Please transcribe the data below in full, word for word, without the images.

→ **Data shown**:
# # # #
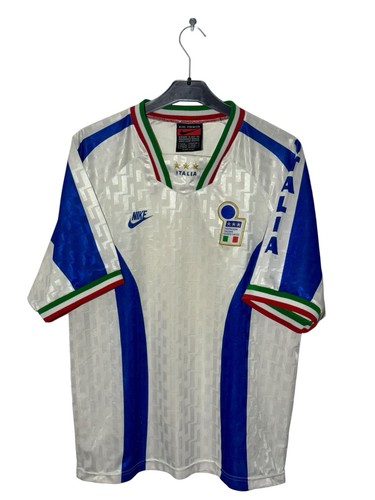Rare nike italy 1996 - italy, 1996-1997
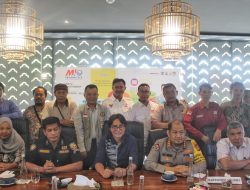 Gelar Ngos-ngosan, MIO NTB Jaga Independensi Perkuat Kolaborasi Jelang Pemilu 2024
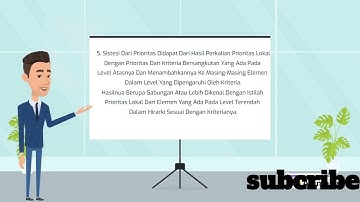 (22-169 & 22-161) PENERAPAN METODE AHP DALAM MENENTUKAN MAHASISWA BERPRESTASI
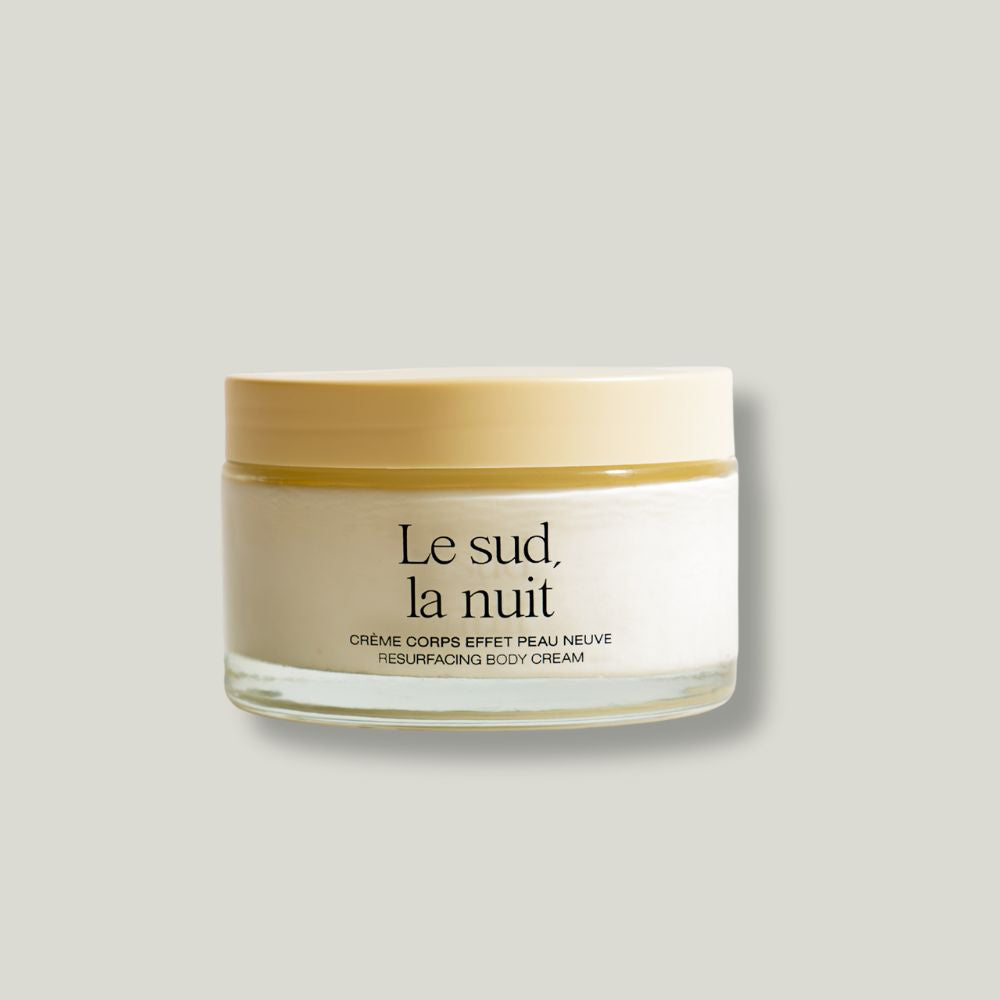 Creme corps pour tous les types de peau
# # # #
→ **Solution to this problem**:
Rare nike italy 1996 - italy, 1996-1997
 Gelar Ngos-ngosan, MIO NTB Jaga Independensi Perkuat Kolaborasi Jelang Pemilu 2024
 (22-169 & 22-161) PENERAPAN METODE AHP DALAM MENENTUKAN MAHASISWA BERPRESTASI
 Creme corps pour tous les types de peau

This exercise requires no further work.